Nouveaux avocats pour la plaignante. La défense de Nafissatou Diallo, la victime présumée, s'est renforcée avec l'arrivée de deux nouveaux avocats, Kenneth Thompson et Norman Siegel, aux côtés de Jeffrey Shapiro. Norman Siegel s'est notamment fait connaître en attaquant en justice la ville de New York. L'autre arrivant, Kenneth Thompson, a dans le passé assuré la défense de Sher Una-Booker, une femme qui avait subi des pressions de la part du gouverneur de New York.

La réplique du procureur. Le bureau du procureur Vance s'est dit "troublé" par les affirmations des deux avocats de DSK qui ont dénoncé les fuites dans la presse et affirmé détenir de nouveaux éléments pouvant "entamer gravement la crédibilité" de la plaignante. "Nous ne sommes pas au courant de telles informations (..) et si vous souhaitez que nous enquêtions sur quoi que ce soit concernant cette affaire, nous serons heureux de le faire", écrit une adjointe du procureur Vance.

Urvoas s'interroge sur une note. Le député Jean-Jacques Urvoas (PS) demande des explications sur une note policière relative à Dominique Strauss-Kahn évoquée par Le Monde. Le quotidien indique "que la vie privée de 'certaines personnalités politiques susceptibles de présenter un jour un danger électoral' ferait l'objet d'une attention particulière de différents services dont l'un relevant de la DCRI", écrit le député strauss-khanien dans un courrier daté du 25 mai.

La brève sortie de DSK et d'Anne Sinclair. Dominique Strauss-Kahn et son épouse ont quitté brièvement, vendredi matin très tôt leur domicile du sud de Manhattan. Il y sont revenus vers 9 heures, heure locale.
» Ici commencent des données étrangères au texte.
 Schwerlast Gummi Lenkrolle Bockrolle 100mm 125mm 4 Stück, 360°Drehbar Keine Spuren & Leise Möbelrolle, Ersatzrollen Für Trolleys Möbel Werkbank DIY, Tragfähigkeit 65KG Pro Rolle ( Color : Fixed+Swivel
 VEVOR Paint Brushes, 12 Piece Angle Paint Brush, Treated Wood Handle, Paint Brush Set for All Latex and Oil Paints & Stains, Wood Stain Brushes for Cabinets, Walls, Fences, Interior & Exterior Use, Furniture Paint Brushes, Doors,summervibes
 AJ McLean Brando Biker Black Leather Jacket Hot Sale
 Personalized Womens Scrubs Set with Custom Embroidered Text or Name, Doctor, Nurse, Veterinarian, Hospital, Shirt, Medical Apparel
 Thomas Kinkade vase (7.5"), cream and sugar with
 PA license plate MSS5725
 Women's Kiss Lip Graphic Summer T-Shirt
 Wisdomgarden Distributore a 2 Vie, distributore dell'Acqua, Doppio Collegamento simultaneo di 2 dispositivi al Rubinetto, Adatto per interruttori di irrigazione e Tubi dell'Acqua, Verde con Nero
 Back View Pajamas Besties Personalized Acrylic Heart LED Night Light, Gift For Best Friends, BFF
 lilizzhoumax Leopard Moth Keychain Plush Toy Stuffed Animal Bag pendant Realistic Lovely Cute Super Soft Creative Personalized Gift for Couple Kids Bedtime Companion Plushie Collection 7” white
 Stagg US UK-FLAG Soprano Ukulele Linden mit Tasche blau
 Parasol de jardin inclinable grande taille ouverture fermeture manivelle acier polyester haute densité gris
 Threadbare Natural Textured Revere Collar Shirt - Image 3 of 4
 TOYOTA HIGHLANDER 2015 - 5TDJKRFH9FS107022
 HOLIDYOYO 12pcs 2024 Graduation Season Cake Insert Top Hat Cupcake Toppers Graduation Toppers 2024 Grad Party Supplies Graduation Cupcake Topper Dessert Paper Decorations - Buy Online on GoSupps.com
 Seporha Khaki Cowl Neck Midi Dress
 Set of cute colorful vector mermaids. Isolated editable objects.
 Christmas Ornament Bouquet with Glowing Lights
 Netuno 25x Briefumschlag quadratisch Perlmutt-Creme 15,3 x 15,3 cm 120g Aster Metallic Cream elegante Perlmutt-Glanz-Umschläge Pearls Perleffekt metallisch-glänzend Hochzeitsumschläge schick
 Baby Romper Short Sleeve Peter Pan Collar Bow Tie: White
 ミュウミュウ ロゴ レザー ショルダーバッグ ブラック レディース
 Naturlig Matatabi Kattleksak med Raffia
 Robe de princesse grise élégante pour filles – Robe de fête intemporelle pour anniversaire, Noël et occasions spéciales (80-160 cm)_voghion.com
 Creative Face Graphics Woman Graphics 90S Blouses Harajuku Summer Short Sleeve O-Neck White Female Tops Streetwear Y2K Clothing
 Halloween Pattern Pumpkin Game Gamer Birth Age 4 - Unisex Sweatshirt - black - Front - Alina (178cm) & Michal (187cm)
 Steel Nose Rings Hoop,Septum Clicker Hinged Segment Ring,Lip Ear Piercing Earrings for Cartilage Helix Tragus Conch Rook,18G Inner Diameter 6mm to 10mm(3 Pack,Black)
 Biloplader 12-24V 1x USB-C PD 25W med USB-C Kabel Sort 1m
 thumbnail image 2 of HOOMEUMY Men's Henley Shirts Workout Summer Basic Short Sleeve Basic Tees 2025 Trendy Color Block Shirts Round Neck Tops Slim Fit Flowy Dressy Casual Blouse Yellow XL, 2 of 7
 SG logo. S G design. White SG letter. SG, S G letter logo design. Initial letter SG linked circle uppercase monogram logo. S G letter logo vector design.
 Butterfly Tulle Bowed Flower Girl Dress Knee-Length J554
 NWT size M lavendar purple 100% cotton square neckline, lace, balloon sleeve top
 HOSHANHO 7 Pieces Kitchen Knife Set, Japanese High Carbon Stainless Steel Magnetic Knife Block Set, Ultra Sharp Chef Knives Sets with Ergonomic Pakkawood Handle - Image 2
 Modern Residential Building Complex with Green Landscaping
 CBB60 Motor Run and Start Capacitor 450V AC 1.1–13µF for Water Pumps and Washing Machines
Placé en résidence surveillée, l'ex-directeur général du FMI ne peut sortir, sous escorte, que pour se rendre chez le médecin, au tribunal, chez ses avocats ou à un office religieux.

LES REACTIONS

Sarkozy appelle à la "dignité". Nicolas Sarkozy a estimé vendredi que l'affaire Dominique Strauss-Kahn était "triste" et déploré les commentaires "extrêmement choquants" de personnalités politiques après l'inculpation aux Etats-Unis pour agression sexuelle du directeur général du Fonds monétaire international. "Je crois qu'il faut que l'ensemble des responsables politiques essayent de garder de la hauteur de vue et de la dignité", a-t-il ajouté.

Poutine n'y croit pas. Le Premier ministre russe Vladimir Poutine a déclaré vendredi qu'il ne pouvait "pas croire" à l'affaire de la tentative de viol visant l'ex-patron du FMI, Dominique Strauss-Kahn, "telle qu'elle a été présentée au départ", selon l'agence russe Interfax. "J'ai du mal à évaluer les dessous politiques (de l'affaire) et je ne veux surtout pas me pencher sur ce thème", a-t-il ajouté.

Valls prudent. Le député PS Manuel Valls affirme comprendre que la luxueuse résidence surveillée de Dominique Strauss-Kahn à New York "puisse choquer les Français" mais qu'en même temps l'ancien patron du FMI, accusé de crime sexuel, a "le droit de se défendre".